What is the point of going to a store?

The news media is aflame with news of Amazon's $13.7B acquisition of Whole Foods. In a companion piece, Kurt Schlosser revisited his tour of a Whole Foods 365 store from last fall. Schlosser mused: "The fear that Amazon’s prowess in artificial intelligence and machine learning and robotics could replace human grocery workers is also a real one." It's definitely concerning that this is yet another in a long line of traditional mid-skill jobs that are heading for automation.

With the statement "replace human grocery workers" Schlosser assumes that the only significant role for humans in this system is to process transactions and bag your items. It's worth examining this assumption because it helps uncover some of the other dynamics that contribute to the success of Whole Foods. Once freed from the burden of processing transactions, is there some new person-to-person dynamic waiting to be created?

I like the fact that the people at my local Red Apple Market know me and ask how my kids are doing. They also make useful recommendations that are highly relevant because they know me. One might argue that a computer could do this job even more effectively, but that's another assumption. I like the social interaction and the connection with people. Isn't this another example of the massive success that Whole Foods has had?

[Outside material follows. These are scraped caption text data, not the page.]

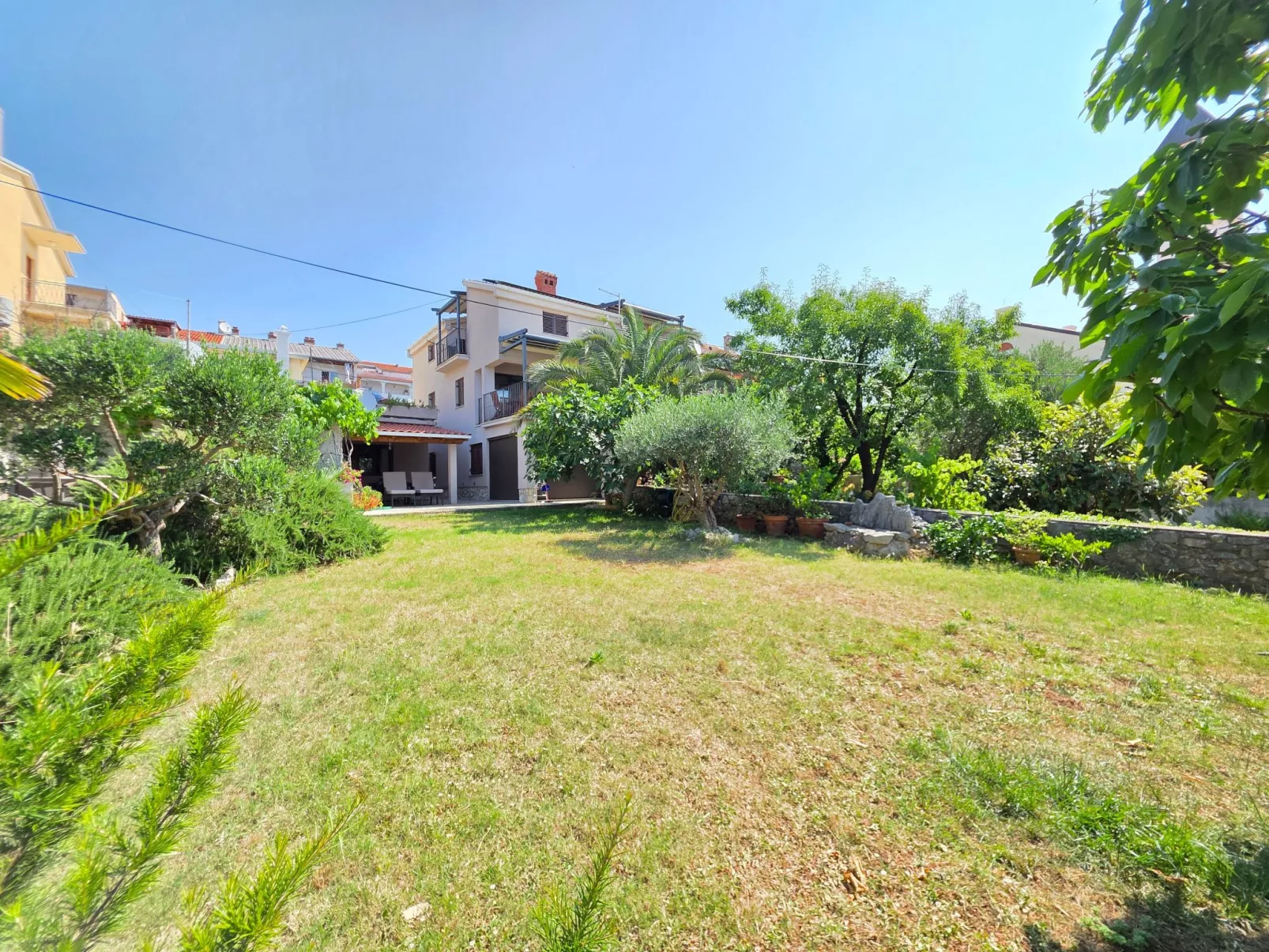 Studio-Apartment mit Terrasse-Buiten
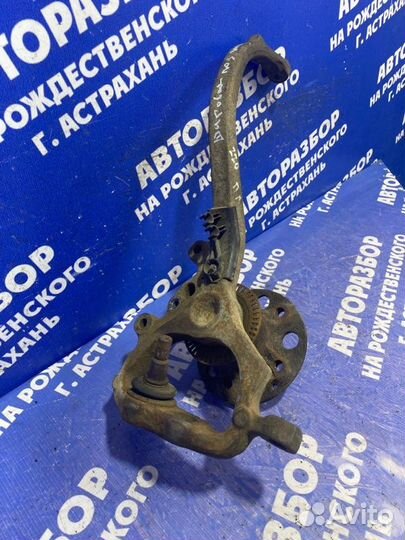 Передний левый поворотный кулак Mercedes-Benz W220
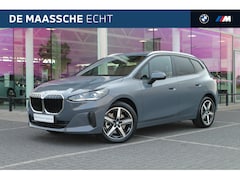 BMW 2-serie Active Tourer - 223i Automaat / Panoramadak / Trekhaak / Achteruitrijcamera / Sportstoelen / Comfort Acces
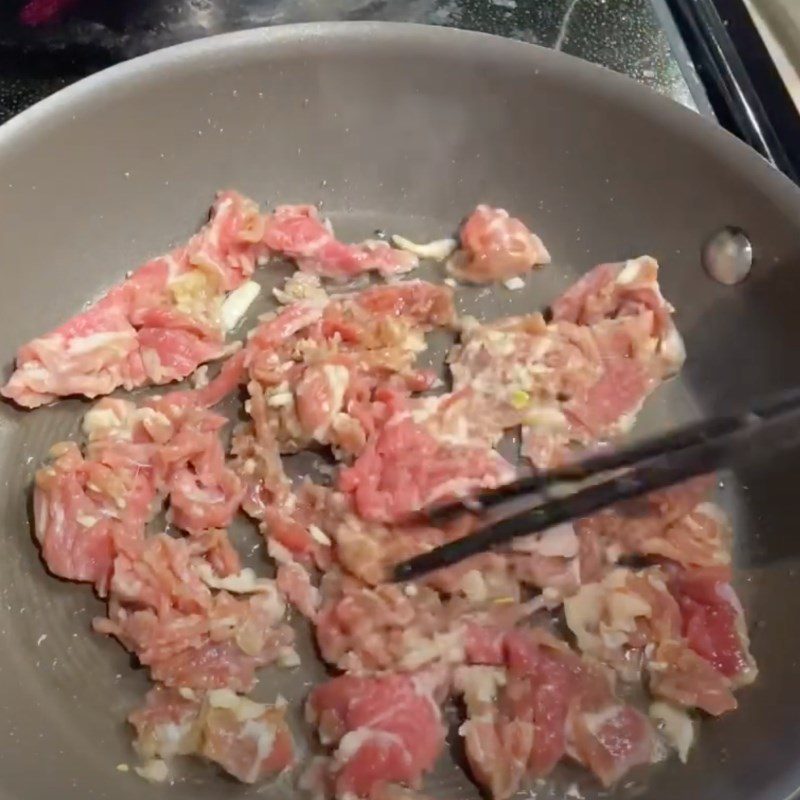 Step 6 Stir-fry beef for dry pho Gia Lai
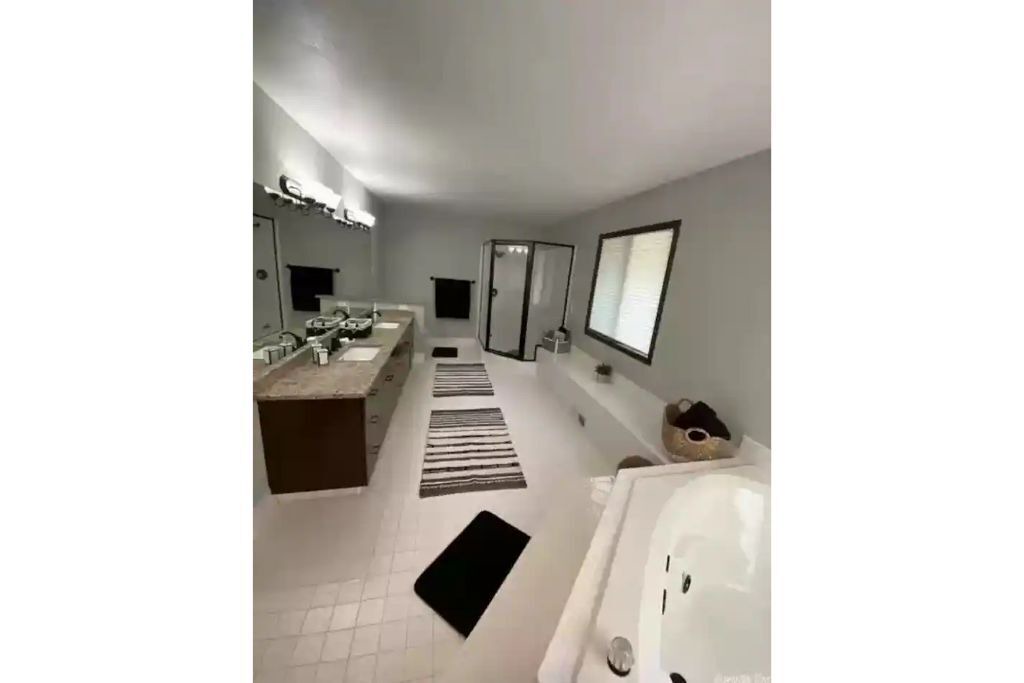 Photo of Bathroom in Flippin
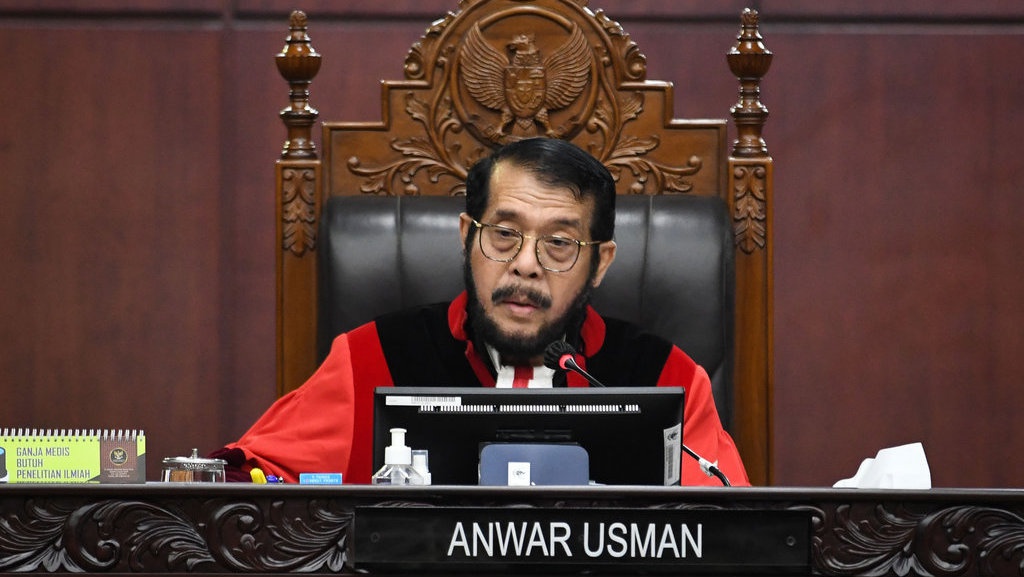 Daftar & Profil Ketua Mahkamah Konstitusi (MK) dari Masa ke Masa Daftar & Profil Ketua Mahkamah Konstitusi (MK) dari Masa ke Masa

The user researcher in me wants to know: Is my behavior now considered aberrant? Are customers actually asking for a person-free grocery shopping experience? Or has the desire of our technology-obsessed society to make everything "more efficient" gone too far, to an illogical conclusion?

As one example, smaller hardware chains seem to have embraced the importance of employees as experts who are there to recommend. In my area, if one wants to get trusted advice, one goes to McLendon Hardware or Town Center Hardware rather than one of the big box stores.